Só quem é clarividente pode ver
Paris. Fotografia de Bertrand Kulik @ptrenard
Quando voltei de Paris, bem no comecinho do ano, cheguei com uma vontade tão grande de chegar que minha cabeça realizou um exercício estranho de presente. Praticamente nunca pensava na França ou nas coisinhas parisienses. Isso foi mudando aos poucos, e esses dias, por acaso, sonhei que andava por lá. Passeava por uma lateral do Jardim de Luxemburgo e podia ver a torre Eiffel bem grande na minha frente, cena que só num sonho, já que um está bem longe da outra. A Torre deve tomar muita liberdade para andar pelas cidades nos sonhos estrangeiros, já que pertence à ordem dos mitos e dos símbolos. Os cantinhos de Paris viajaram por todo o mundo em busca de mentes ansiosas pela metrópole, pelo fim de uma vida aristocrática e começando a ser burguesa, comercial e cultural. Desde o início do século XX, boa parte dos escritores que se importavam com cidades tiveram por lá: Ernest Hemingway passou fome no tal jardim de Luxemburgo lá pelos anos 1920, Simone de Beauvoir escrevia nos cafés da Rue Saint Germain-de-Prés em 1940, até uma jovem Patti Smith, que não tinha um tostão furado em 1970, passou lá pelo cemitério de Pére-Lachaise ver a tumba do Jim Morrison. Já Mario de Andrade, que não foi, mas sempre se irritava quando recebia falas do tipo "você diz isso porque nunca foi à Paris", escreveu, em 1940:
"Aliás, é um forte engano isso de imaginarem que nunca estive em Paris. Não creio seja possível a existência de um intelectual mais ou menos, nos tempos que correm, ao qual as exigências de sua própria cultura não tenham dado o sentimento de Paris. E este sentimento, este conhecimento sensível da grande cidade não deriva especialmente das críticas, das descrições, dos elogios e ataques a Paris que tenhamos lido. (...) É a nossa inteligência, a nossa cultura e especialmente a nossa sensibilidade que, reagindo sobre dados menos didáticos e mais reais que uma descrição ou crítica, por exemplo, uma fotografia, um telegrama de jornal, um suspensório, um livro, um perfume, um selo de correio, e milhares de outros retalhos do concreto, até mesmo uma carta geográfica, provocam esse conhecimento sensível, que a nossa própria realidade. Pode ela estar afastadíssima do real verdadeiro, nós jamais a abandonaremos nem mesmo depois de confrontada com a realidade. Para nós ela será sempre o real mais verdadeiro".

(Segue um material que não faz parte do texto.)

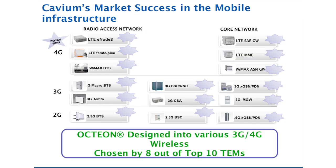Cavium is already doing very well in mobile infrastructure, and the Oction processors have been designed into almost every platform in 2G, 3G, and 4G base stations and gateways. Cavium's Oction Processor momentum in wireless infrastructure is excellent with more than 100 design wins and is now one of a major revenue stream into Cavium's business.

Ele falava da enxurrada cultural francesa onde viviam os brasileiros naquele época. Quando francês era ensinado nas escolas, produtos eram importados, o Teatro Municipal do Rio foi copiado da Opéra de Paris - Palácio Garnier, e o prefeito do Rio, Pereira Passos, resolveu reformar a Avenida rio Branco pra parecer París. Também foi nessa onda que São Paulo batizou um bairro de Campos Elísios e um aeroporto de Campo de Marte (sabe aquele jardim enorme em frente à Torre Eiffel? Champs de Mars).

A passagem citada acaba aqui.